**Problem details:** Each line of the listing should be reproduced exactly.

**The input:**
================
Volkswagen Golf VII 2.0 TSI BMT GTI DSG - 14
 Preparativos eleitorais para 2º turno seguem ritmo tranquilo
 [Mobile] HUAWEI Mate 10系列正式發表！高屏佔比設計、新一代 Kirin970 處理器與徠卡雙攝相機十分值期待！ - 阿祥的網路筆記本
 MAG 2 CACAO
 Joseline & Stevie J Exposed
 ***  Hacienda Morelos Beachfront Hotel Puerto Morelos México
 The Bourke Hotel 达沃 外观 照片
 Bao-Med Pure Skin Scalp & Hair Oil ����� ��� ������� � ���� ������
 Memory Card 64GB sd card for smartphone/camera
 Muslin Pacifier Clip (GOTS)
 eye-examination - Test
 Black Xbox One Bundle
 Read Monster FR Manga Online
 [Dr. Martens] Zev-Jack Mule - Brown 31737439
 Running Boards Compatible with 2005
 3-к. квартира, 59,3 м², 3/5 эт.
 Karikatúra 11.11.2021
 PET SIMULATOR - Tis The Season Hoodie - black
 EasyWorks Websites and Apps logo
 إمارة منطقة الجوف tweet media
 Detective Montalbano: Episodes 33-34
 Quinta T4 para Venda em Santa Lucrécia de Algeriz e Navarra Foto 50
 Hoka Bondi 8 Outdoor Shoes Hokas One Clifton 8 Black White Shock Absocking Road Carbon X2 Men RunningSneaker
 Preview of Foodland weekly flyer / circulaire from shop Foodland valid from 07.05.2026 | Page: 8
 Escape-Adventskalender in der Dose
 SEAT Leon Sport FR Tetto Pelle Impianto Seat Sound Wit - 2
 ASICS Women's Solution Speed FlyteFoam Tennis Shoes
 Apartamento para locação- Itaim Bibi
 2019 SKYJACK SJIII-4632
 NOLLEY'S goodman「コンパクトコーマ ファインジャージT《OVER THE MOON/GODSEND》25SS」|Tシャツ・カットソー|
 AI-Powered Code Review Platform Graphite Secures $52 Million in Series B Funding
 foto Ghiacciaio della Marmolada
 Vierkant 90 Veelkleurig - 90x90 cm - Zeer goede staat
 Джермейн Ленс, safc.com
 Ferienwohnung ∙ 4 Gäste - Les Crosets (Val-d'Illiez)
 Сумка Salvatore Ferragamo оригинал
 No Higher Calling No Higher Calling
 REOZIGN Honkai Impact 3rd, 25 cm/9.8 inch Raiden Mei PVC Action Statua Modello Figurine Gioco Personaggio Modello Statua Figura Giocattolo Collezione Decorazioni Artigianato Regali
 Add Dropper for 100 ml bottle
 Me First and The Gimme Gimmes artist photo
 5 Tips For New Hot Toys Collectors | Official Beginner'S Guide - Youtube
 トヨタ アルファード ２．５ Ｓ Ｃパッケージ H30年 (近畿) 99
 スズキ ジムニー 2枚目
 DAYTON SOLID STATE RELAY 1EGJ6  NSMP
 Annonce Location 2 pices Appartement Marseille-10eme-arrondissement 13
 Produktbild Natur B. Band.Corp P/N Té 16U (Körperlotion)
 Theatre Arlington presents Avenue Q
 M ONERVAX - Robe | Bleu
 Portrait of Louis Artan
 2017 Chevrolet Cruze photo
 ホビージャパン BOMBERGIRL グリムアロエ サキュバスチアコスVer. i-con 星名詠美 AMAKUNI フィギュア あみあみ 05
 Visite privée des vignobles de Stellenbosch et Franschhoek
================
**Exercise response:**
Volkswagen Golf VII 2.0 TSI BMT GTI DSG - 14
 Preparativos eleitorais para 2º turno seguem ritmo tranquilo
 [Mobile] HUAWEI Mate 10系列正式發表！高屏佔比設計、新一代 Kirin970 處理器與徠卡雙攝相機十分值期待！ - 阿祥的網路筆記本
 MAG 2 CACAO
 Joseline & Stevie J Exposed
 ***  Hacienda Morelos Beachfront Hotel Puerto Morelos México
 The Bourke Hotel 达沃 外观 照片
 Bao-Med Pure Skin Scalp & Hair Oil ����� ��� ������� � ���� ������
 Memory Card 64GB sd card for smartphone/camera
 Muslin Pacifier Clip (GOTS)
 eye-examination - Test
 Black Xbox One Bundle
 Read Monster FR Manga Online
 [Dr. Martens] Zev-Jack Mule - Brown 31737439
 Running Boards Compatible with 2005
 3-к. квартира, 59,3 м², 3/5 эт.
 Karikatúra 11.11.2021
 PET SIMULATOR - Tis The Season Hoodie - black
 EasyWorks Websites and Apps logo
 إمارة منطقة الجوف tweet media
 Detective Montalbano: Episodes 33-34
 Quinta T4 para Venda em Santa Lucrécia de Algeriz e Navarra Foto 50
 Hoka Bondi 8 Outdoor Shoes Hokas One Clifton 8 Black White Shock Absocking Road Carbon X2 Men RunningSneaker
 Preview of Foodland weekly flyer / circulaire from shop Foodland valid from 07.05.2026 | Page: 8
 Escape-Adventskalender in der Dose
 SEAT Leon Sport FR Tetto Pelle Impianto Seat Sound Wit - 2
 ASICS Women's Solution Speed FlyteFoam Tennis Shoes
 Apartamento para locação- Itaim Bibi
 2019 SKYJACK SJIII-4632
 NOLLEY'S goodman「コンパクトコーマ ファインジャージT《OVER THE MOON/GODSEND》25SS」|Tシャツ・カットソー|
 AI-Powered Code Review Platform Graphite Secures $52 Million in Series B Funding
 foto Ghiacciaio della Marmolada
 Vierkant 90 Veelkleurig - 90x90 cm - Zeer goede staat
 Джермейн Ленс, safc.com
 Ferienwohnung ∙ 4 Gäste - Les Crosets (Val-d'Illiez)
 Сумка Salvatore Ferragamo оригинал
 No Higher Calling No Higher Calling
 REOZIGN Honkai Impact 3rd, 25 cm/9.8 inch Raiden Mei PVC Action Statua Modello Figurine Gioco Personaggio Modello Statua Figura Giocattolo Collezione Decorazioni Artigianato Regali
 Add Dropper for 100 ml bottle
 Me First and The Gimme Gimmes artist photo
 5 Tips For New Hot Toys Collectors | Official Beginner'S Guide - Youtube
 トヨタ アルファード ２．５ Ｓ Ｃパッケージ H30年 (近畿) 99
 スズキ ジムニー 2枚目
 DAYTON SOLID STATE RELAY 1EGJ6  NSMP
 Annonce Location 2 pices Appartement Marseille-10eme-arrondissement 13
 Produktbild Natur B. Band.Corp P/N Té 16U (Körperlotion)
 Theatre Arlington presents Avenue Q
 M ONERVAX - Robe | Bleu
 Portrait of Louis Artan
 2017 Chevrolet Cruze photo
 ホビージャパン BOMBERGIRL グリムアロエ サキュバスチアコスVer. i-con 星名詠美 AMAKUNI フィギュア あみあみ 05
 Visite privée des vignobles de Stellenbosch et Franschhoek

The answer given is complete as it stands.